*WORK INSTRUCTION*.
Among the entries below, find the line with "Hello, in this" and the line with "Hi guys, welcome". Return exactly those lines and every line between them, but no pictures.

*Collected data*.
-- Opening Marker --
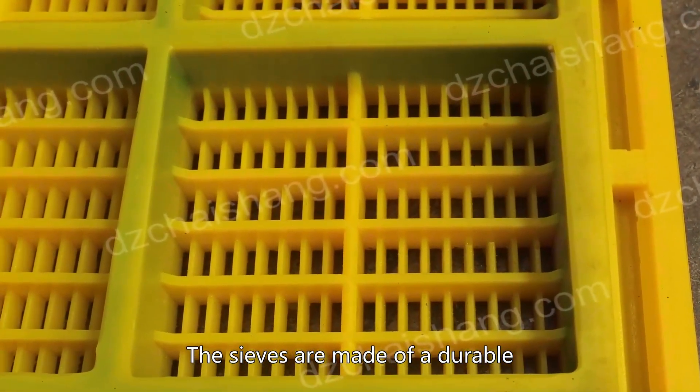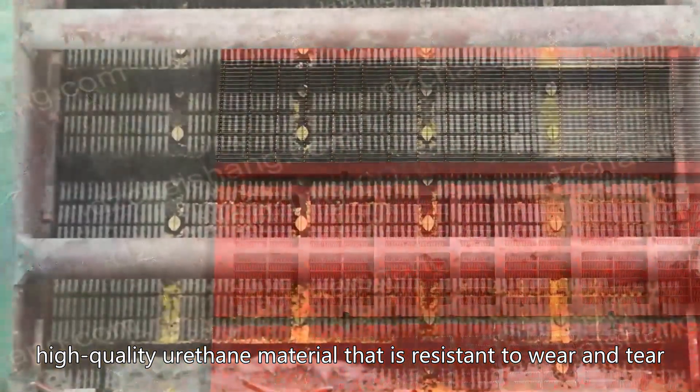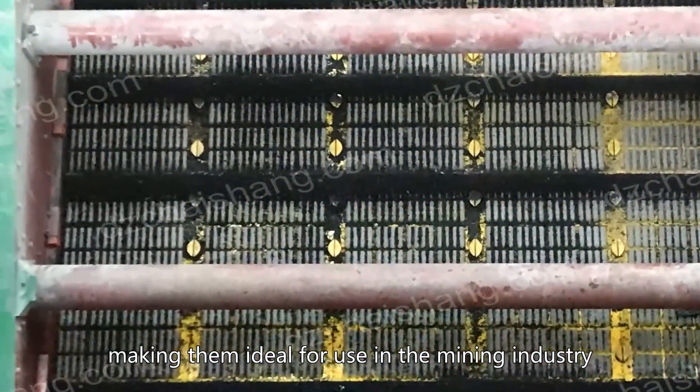The sieves are made of a durable, high-quality urethane material that is resistant to wear and tear, making them ideal for use in the mining industry.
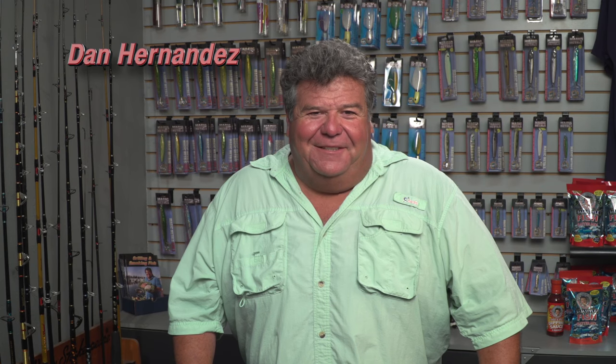Hey guys, I want to talk to you a little bit about surf fishing. I've been having lots of fun this year surf fishing from Central California all the way down to Rosarito, Mexico and Baja, Mexico. I've been doing a little bit of fishing in between.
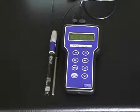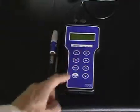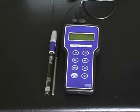To calibrate a TPS WP80 pH meter, the calibration procedure is the same as the 90F-LT. First, press Menu and then press F1 to Cal. To complete the calibration, however, press F1 instead of Enter.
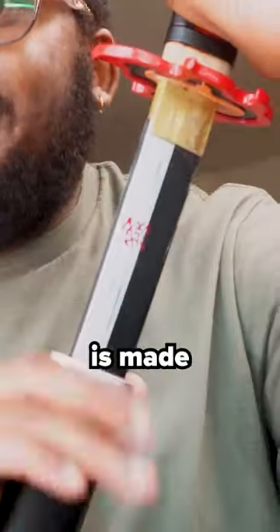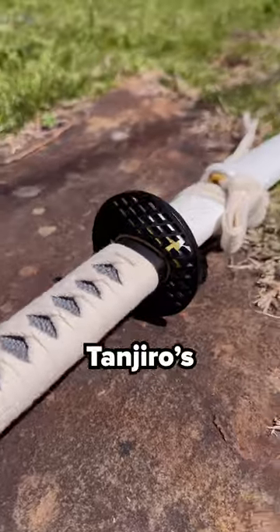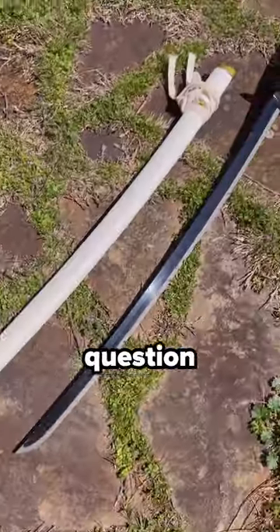You see, Tanjiro's new sword is made directly from Yorichi's old, that was found in the Yorichi Type-0 Battle Dummy. And that blade was black — actually a deeper black than Tanjiro's original sword — which raises one major question.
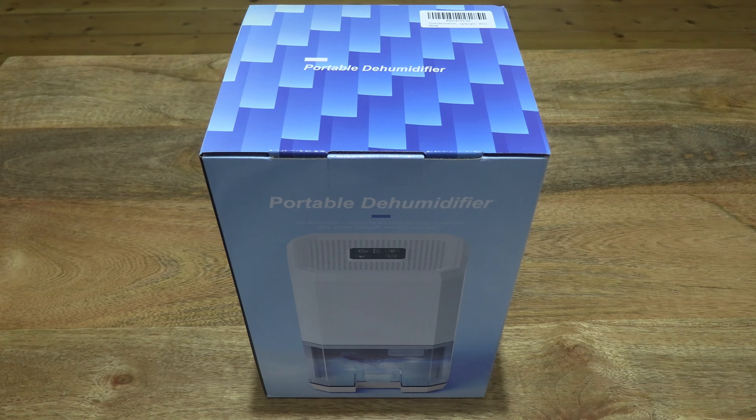Hello everybody! Today we're going to unbox, take a close-up look and test the Zayumi dehumidifier.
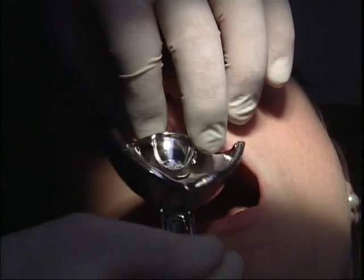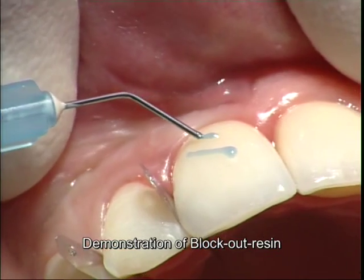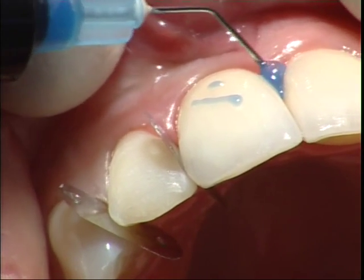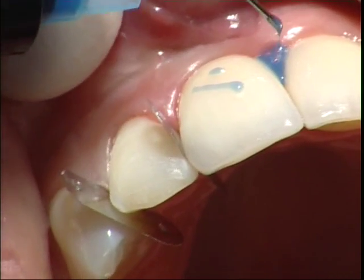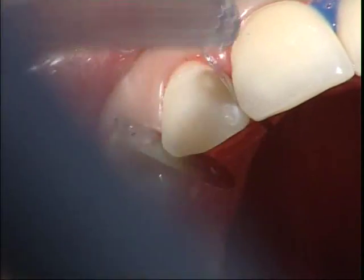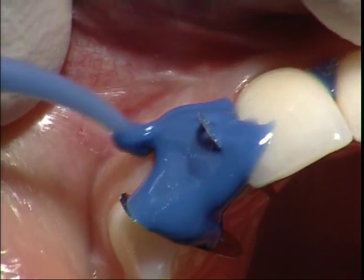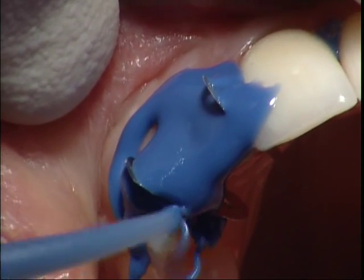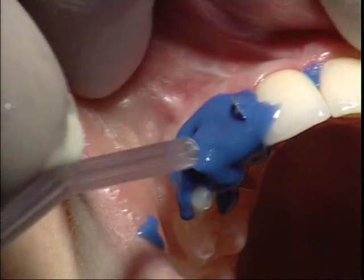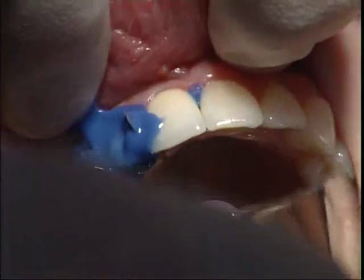This is just to show you how thin I can run the block-out resin, which I will use here to block out some undercut areas. Because some undercut areas, especially if you have open embrasures, will prevent me from taking out the impression easily. Block-out resin — Ultradense block-out resin. Here comes the Permadyne, the Impregram syringe material. After that comes the tray with the tray material. I am blowing the Permadyne to guarantee it is in place. And now this should polymerize for five to six minutes.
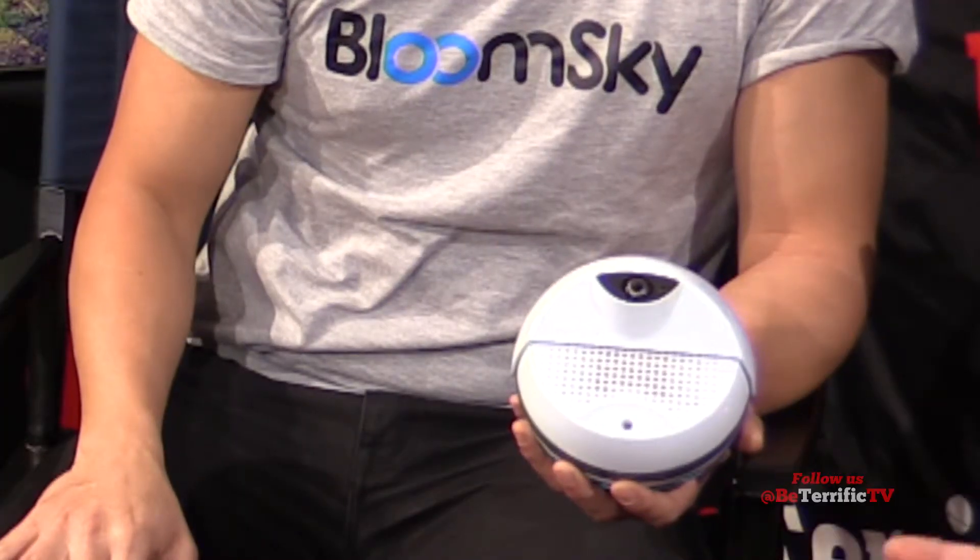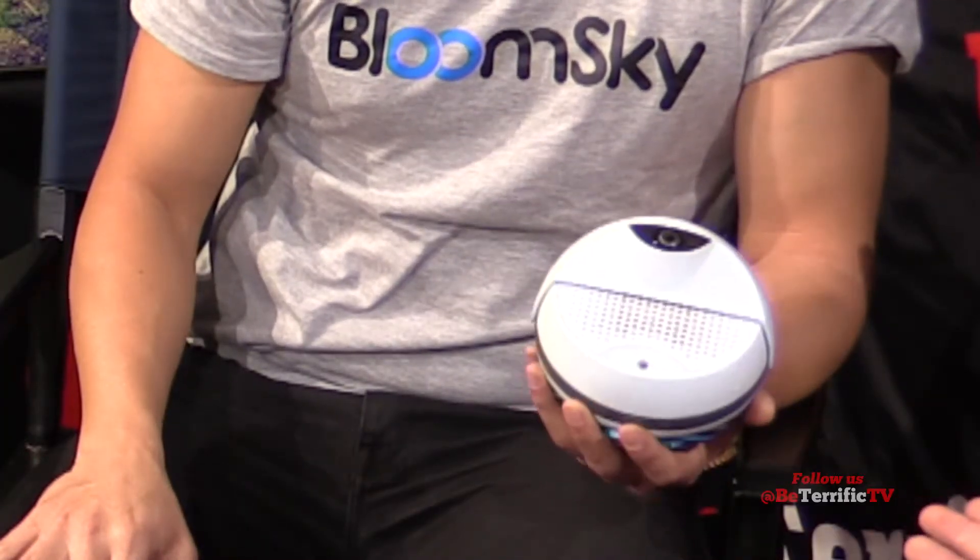Sam from BloomSky — very, very interesting. I like it. I can't wait to do a tech review on that. Congratulations, we're very excited about this product. BloomSky.com — and you can pre-order right now. What a great holiday gift. It won't come until March, but it's going to be pretty amazing to have a little note that says, 'I pre-ordered it at BloomSky.'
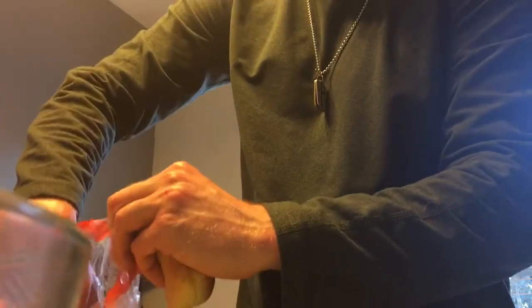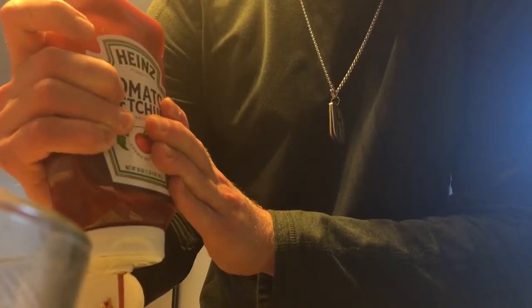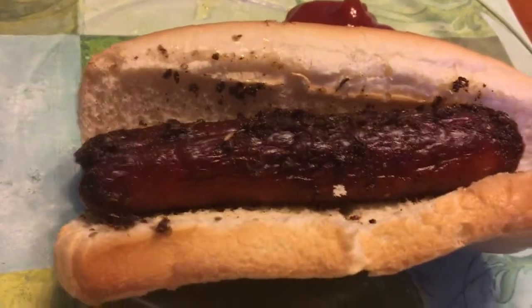If I can get this thing open. Okay guys, let's get a bun. Put this in here. Perfect. You need ketchup with hot dogs, so we'll try it without the ketchup first and save that for later. And here we have it folks — the Angus Ballpark hot dog.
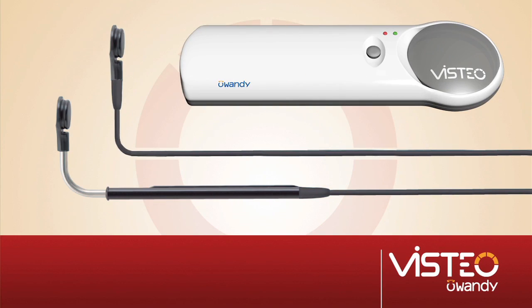Vistio sensors come with two connection cables. No other company provides you with a backup cable, nor the ease with which cables may be replaced if needed.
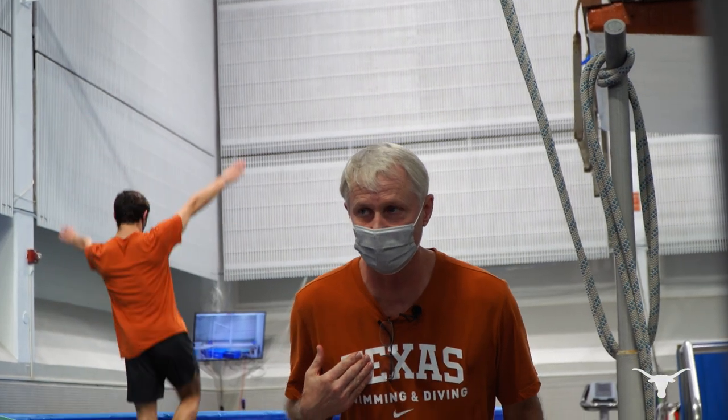Just a little torso bends forward. I want to be a little more up and down on your squat. Hi, I'm Matt Scoggin, University of Texas men's and women's diving coach.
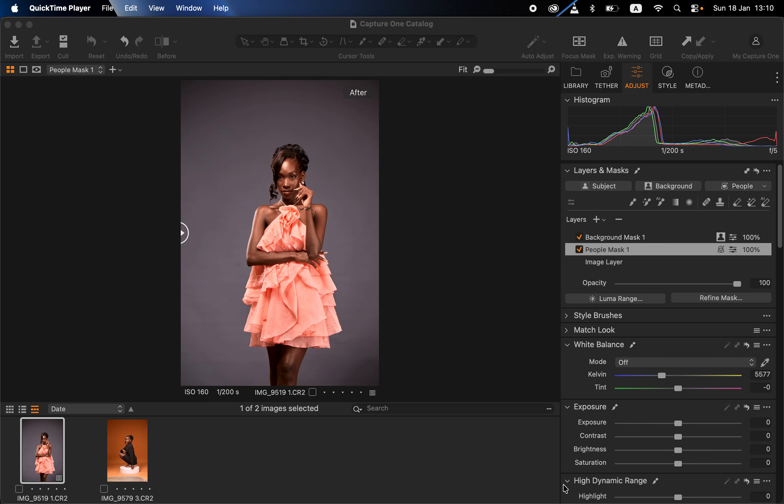Hello, in this video I will show you how to color grade your photos and get more professional results using Capture One. I will be focusing more on color grading. In case you don't have Capture One, simply purchase or download Capture One to follow this video. I want to show you how to get even skin tones, how to manipulate the color of the background, and how to copy and paste the color grading to the rest of the photos from a given photoshoot or session.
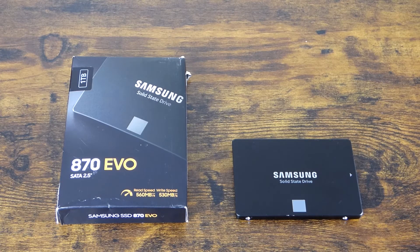Hi guys, welcome to the channel. Today I want to do a quick video about the Samsung 870 EVO drives, more specifically about the failure rate of these drives. There's a lot of information written about the Samsung 990s and 980 drives, but not much has been mentioned about the 870 EVO SATA drives.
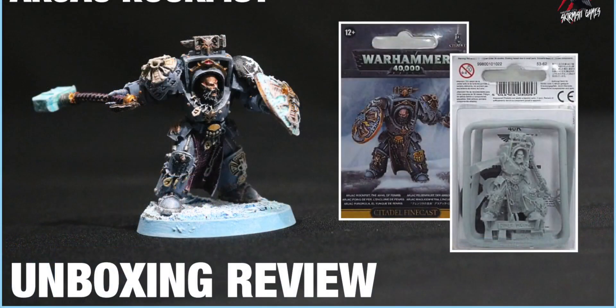Just a quick unboxing of a small model — Arjak Rockfist — but I'm really happy with this model and glad I paid that £15 to get him in there as one of the characters. Let me know what you think about this model in the comments section below. Maybe you've picked it up already, or perhaps from watching this it's something you're interested in — I'd love to hear your thoughts and feedback.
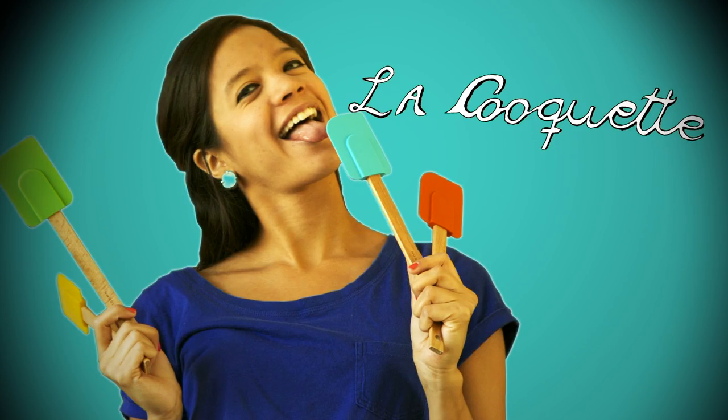La Cuquette. Hello, and welcome again to La Cuquette, a place where all cravings can come true.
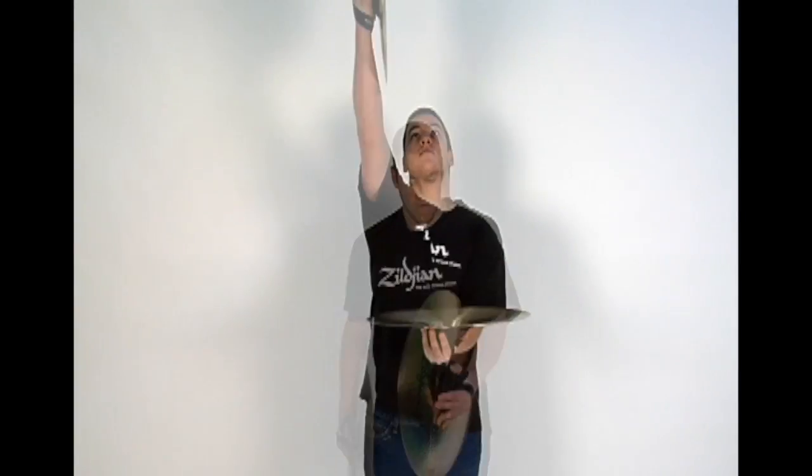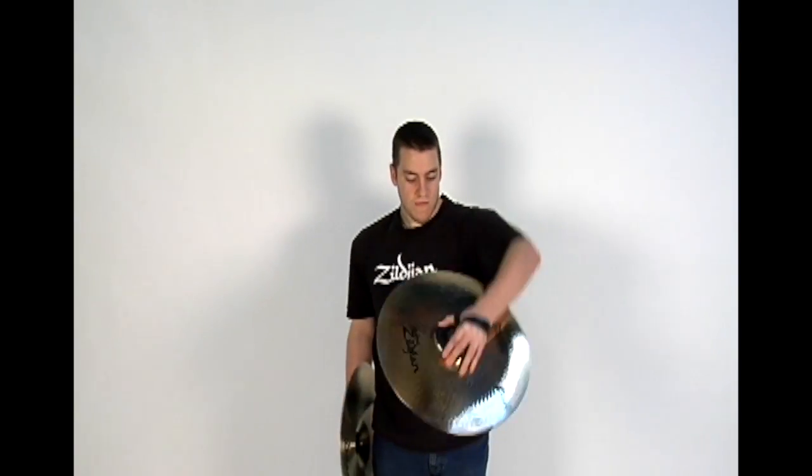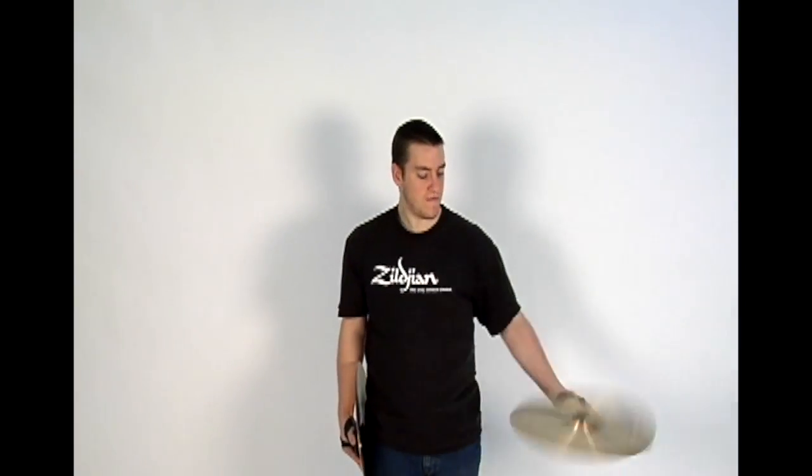Bring the right cymbal straight down like a guillotine blade for the offset contact on the left cymbal. Once they make contact, you can bring the right cymbal straight down to your side and perform a roll out with the left cymbal, or roll out both cymbals, as well as many other options.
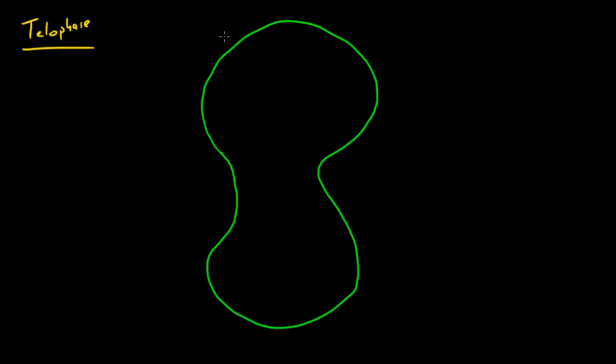Let me draw the chromosomes — we have a blue one right here, a couple blue ones right here, and a red one. Let's draw the nuclear membrane in blue. Basically what happens in telophase is the cell is going to form two new nuclear membranes around the chromosomes — one here and one here.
-- Closing Marker --
*RESULT FOR THIS TASK*.
Hello, in this video I will show you how to color grade your photos and get more professional results using Capture One. I will be focusing more on color grading. In case you don't have Capture One, simply purchase or download Capture One to follow this video. I want to show you how to get even skin tones, how to manipulate the color of the background, and how to copy and paste the color grading to the rest of the photos from a given photoshoot or session.
Hi guys, welcome to the channel. Today I want to do a quick video about the Samsung 870 EVO drives, more specifically about the failure rate of these drives. There's a lot of information written about the Samsung 990s and 980 drives, but not much has been mentioned about the 870 EVO SATA drives.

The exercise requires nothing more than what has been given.